Before the conference, I was intrigued, as I was going there for the first time. I was looking forward to learning new things and meeting new people. I was hoping to get some inspiration for my work.
I was not expecting to find my tribe.
As soon as I entered the venue where the welcome drinks were taking place on the eve of the conference, I knew that this would be unlike any other conference I had attended before. I felt a vibe. Immediately, I felt welcome and at ease (how shocking is that for an introvert). I thought it must be the effect of the jet lag, but the feeling did not seem to go away.
How did that happen? Everyone I met was friendly, open and unpretentiously warm – despite some impressive credentials. I was talking to like-minded people who seemed engaged and genuinely interested. But it was more than that. Talking about what I do and why, sharing who I am felt natural and uncomplicated. I did not need to explain much. They understood. They were in the same place. Listening to what everyone had to say was stimulating, energizing and, at times, humbling. I felt creative and inspired. I felt embraced. There were moments when I was deeply moved.

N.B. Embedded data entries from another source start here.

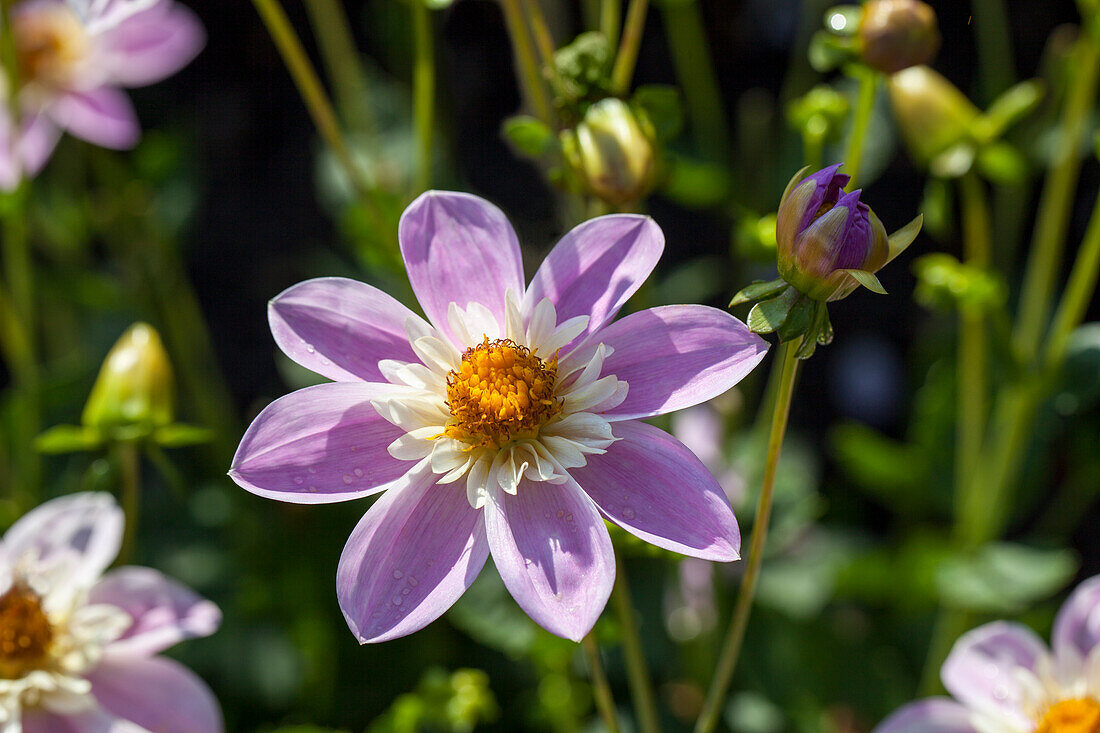 Dahlia 'Willie Willie'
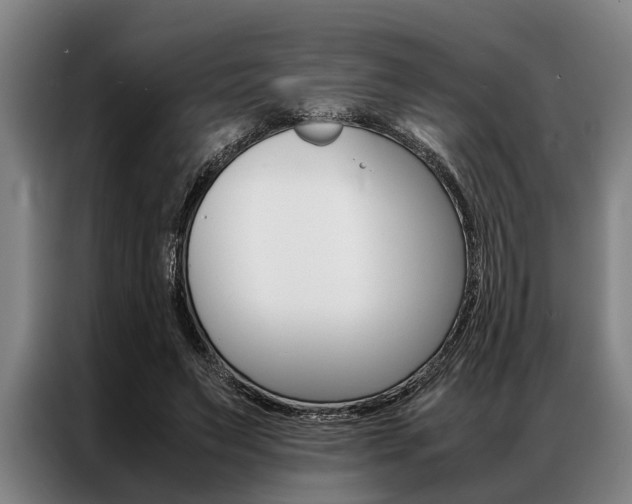 X0000087310495200704200721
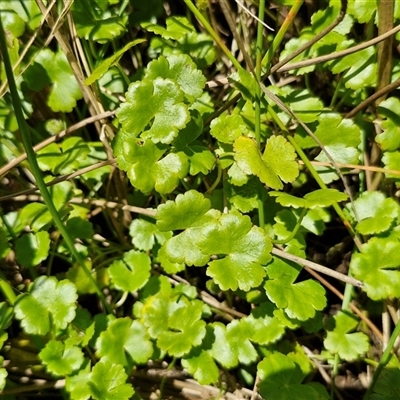 Hydrocotyle sibthorpioides (A Pennywort) at Lerida, NSW - 17 Jan 2025 by trevorpreston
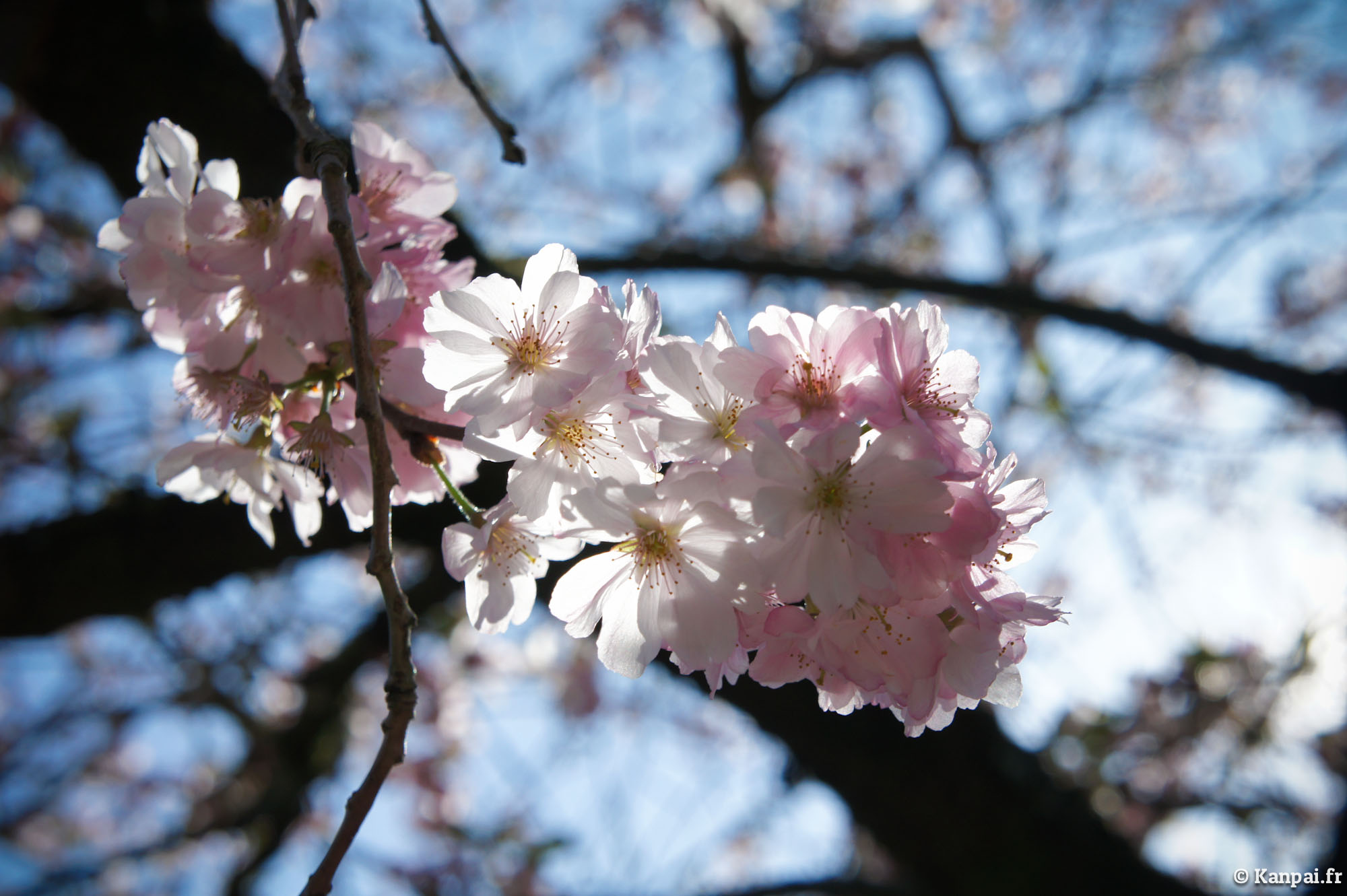  Sakura  les cerisiers en fleurs  du Japon  o Hanami 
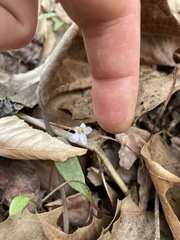 Claytonia caroliniana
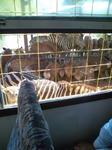 20100904101418.jpg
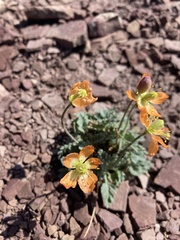 Papaver pygmaeum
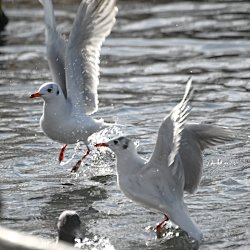 fliegende Lachmöwen
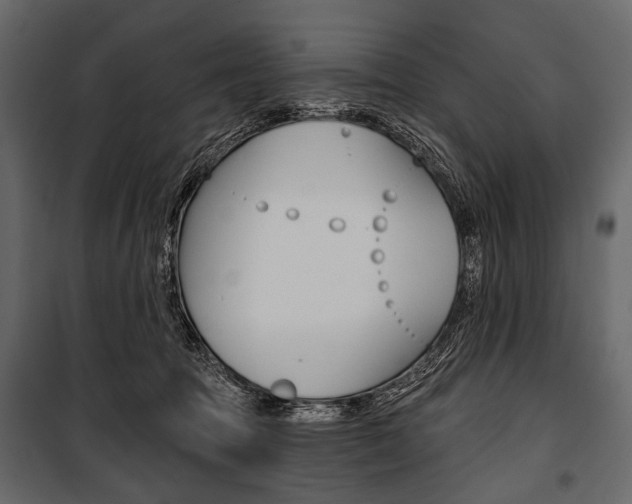 X0000100920369200806241119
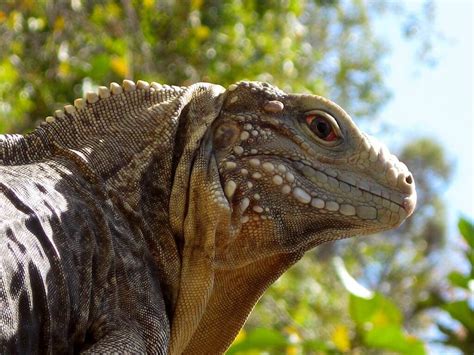 Cuba's National Parks and UNESCO Biosphere Reserves - Travels with Talek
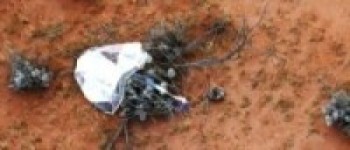 क्षुद्रग्रहबाट सङ्कलन गरिएको चट्टानको नमुना अध्ययनका लागि जापान पठाइयो   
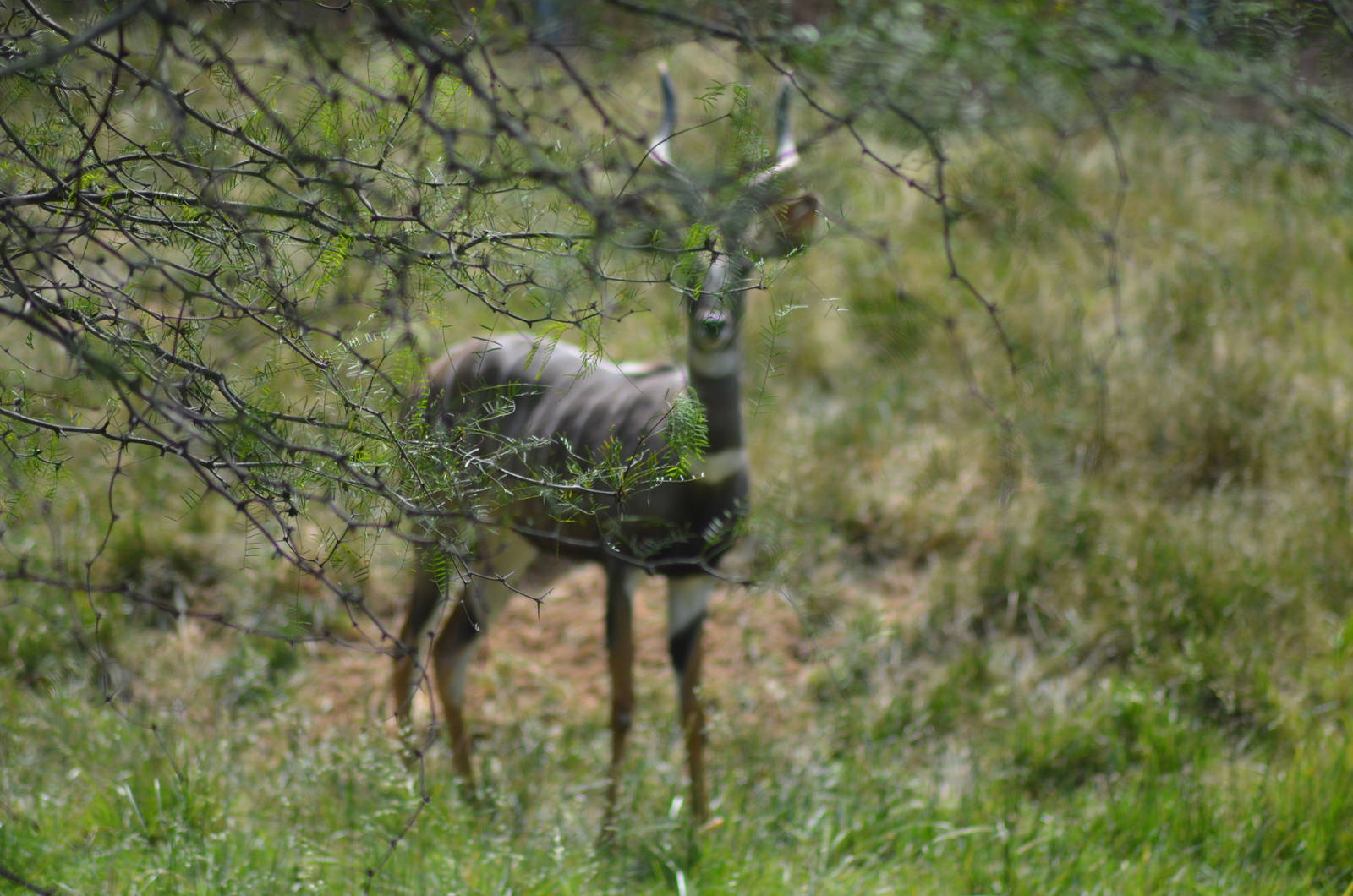 Lesser Kudu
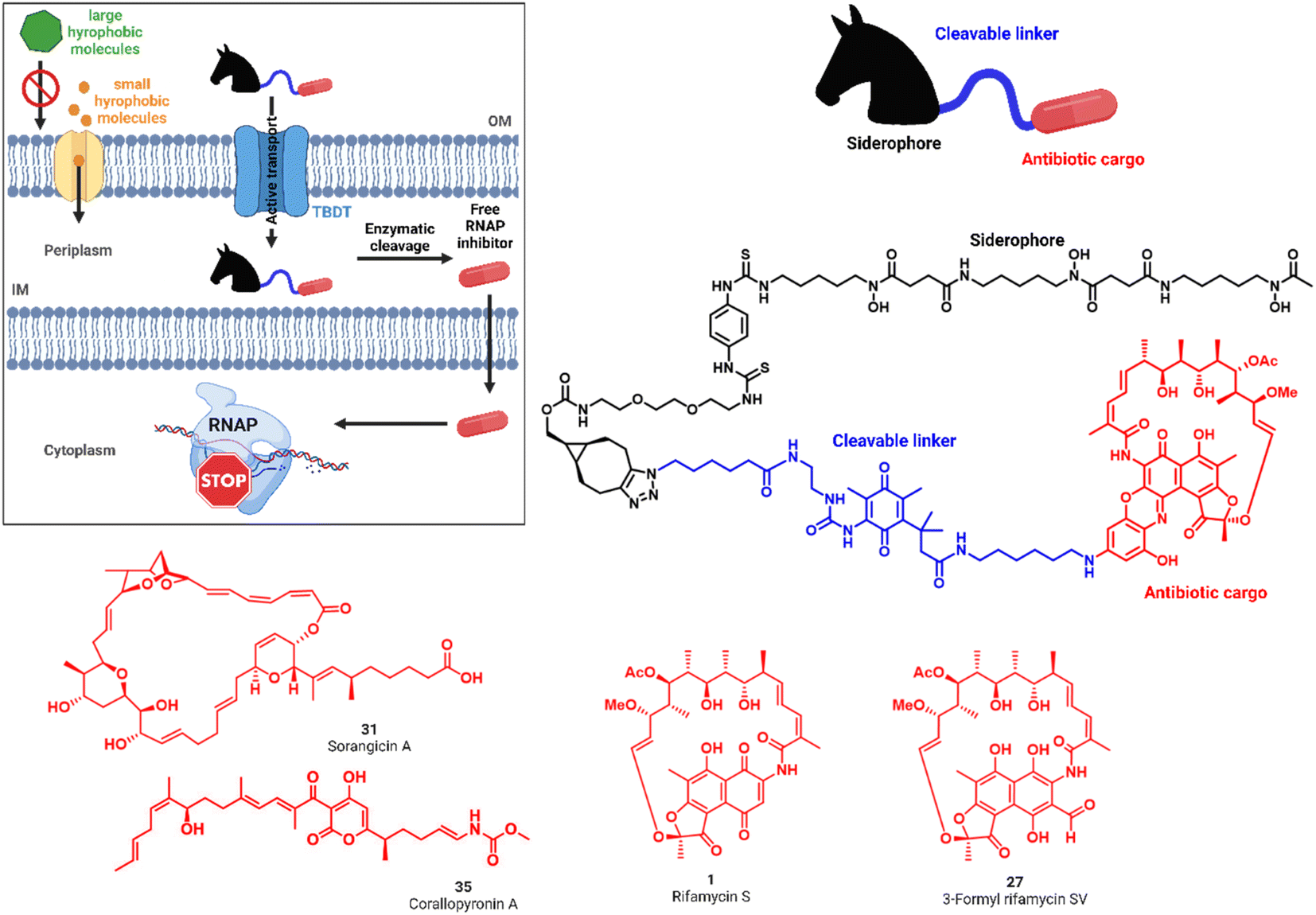 Siderophore conjugation with cleavable linkers boosts the potency of RNA  polymerase inhibitors against multidrug-resistant E. coli - Chemical  Science (RSC Publishing) DOI:10.1039/D2SC06850H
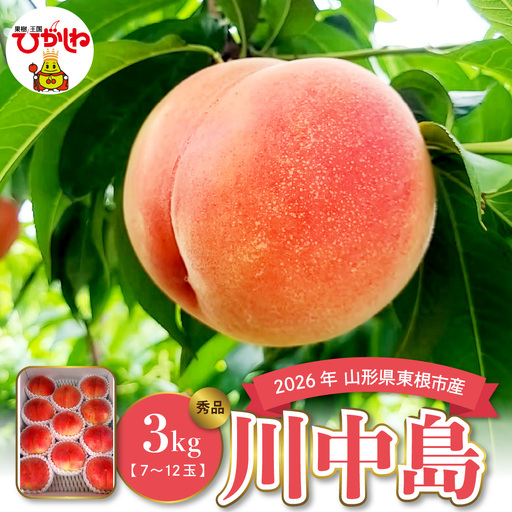 [2026年産] 白桃 川中島 3kg 白桃 川中島 桃 もも ピーチ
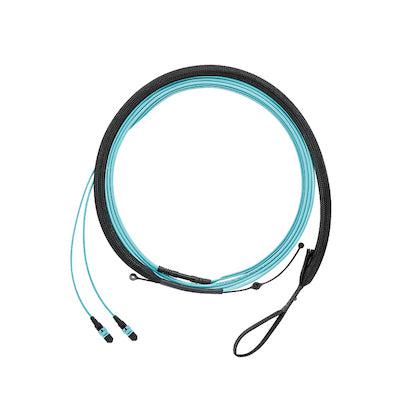 Panduit F9Trp5Nqssnf030 Fibre Optic Cable Mpo Lc Os2 Black, Green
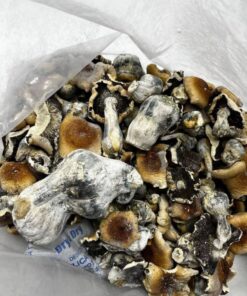 Hillbilly Mushrooms for sale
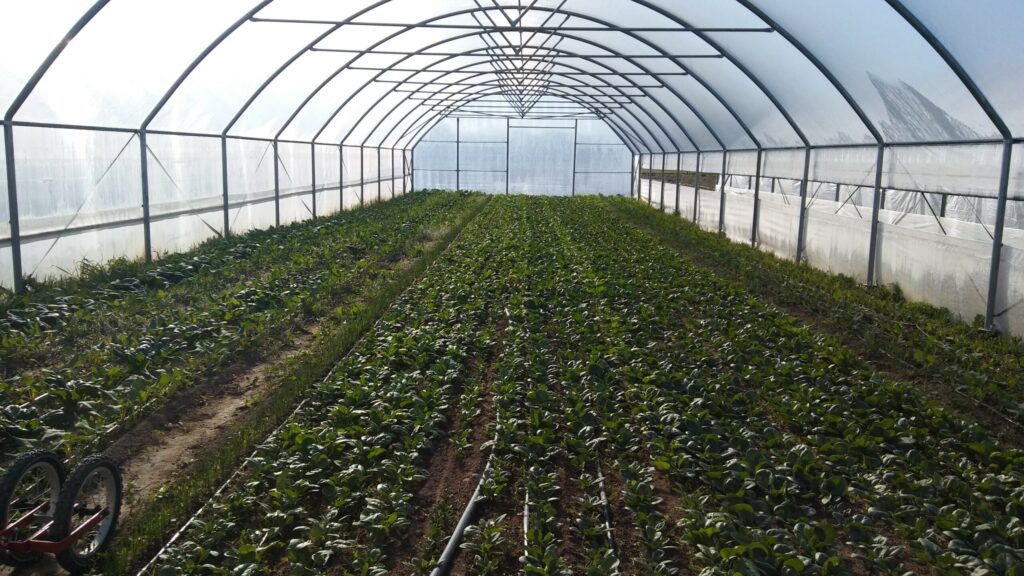 Autors: Foto: Pārsla Konrāde.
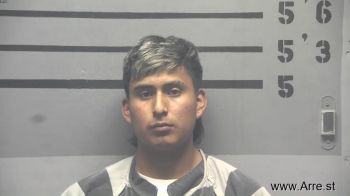Kevin . Tenezaca Pala Mugshot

I was not the only one feeling that way. There was an amazing sense of solidarity in the air – even among people who hardly knew each other; a sort of convergence of spirits. When it was time to leave, I caught myself feeling not only exhilarated, but also a bit sad – as if I was leaving behind dear friends or family. I realized then that I had found my community. I don’t know many conferences that can do that to you.
On my first day at FIGT, I was impressed when I heard the keynote speaker, famous writer and “global soul” Pico Iyer, say that the first time he attended this conference, he
felt like he had come home. By the time I left, almost 48 hours later, I knew exactly what he meant.

Leaving the Zone

 

I have a confession to make. I have been indulging myself. I have been allowing myself to hide from the world.
Since we moved here at the end of last summer, I have been busy unpacking and setting up house, figuring how to get to places and how to get things done, and making sure everyone in the family is settled and happy. That hardly leaves any time for a social life, doesn’t it? So I felt that it is normal that I have not been able to go out and meet people, join clubs or be part of the PTA. Instead of feeling frustrated by this, I have been enjoying the solitude, my family, my writing. I have been relishing the quiet evenings and weekends. I have been convincing myself that this time alone is exactly what I need to recharge my batteries and get settled after the move. I don’t need to meet new people right away. I don’t need to reach out.
I may have gone a bit too far. I have used my newcomer identity as an excuse for being asocial.
Everyone I have talked to about relocating, every book and every article I have read gives the same advice: if you want to make a speedy and smooth adjustment, one of the first things you need to do is get out. You need to meet people and you need to do it
early on.
I resolved that this rule does not apply to me and moved on.
The truth is that I have been too reluctant and too scared to venture out of my comfortable new shell. Scoring substantially high on the introversion scale, let’s just say that I am not a
networking natural. Going out with the explicit goal of meeting new people is intimidating, to say the least. So I allowed myself to be lazy. I was content with the few people I happened to know here from the beginning and did not feel that I needed to expand the circle – at least not any time soon. I was happy to stay in my comfort zone. I had the perfect excuse: I was a newcomer, a foreigner.
Except that this excuse is only valid for a limited time. How long is one considered a newcomer? Wouldn’t seven months be pushing it a little? When someone asked me the other day, I was shocked to hear myself reply that we have been here for more than half a year. I still have the same six friends that I had back in September. I still don’t have an emergency contact on my children’s school forms.
Some of us are disciplined enough to do the right thing at the right time. Some of us – that would include me – need action-forcing events. Recently, I got one of those. Clearly, it’s time to leave that delightfully cosy comfort zone of mine. I’m a bit nervous, but I
hear that, if you put in the hours, you eventually become pretty good at it.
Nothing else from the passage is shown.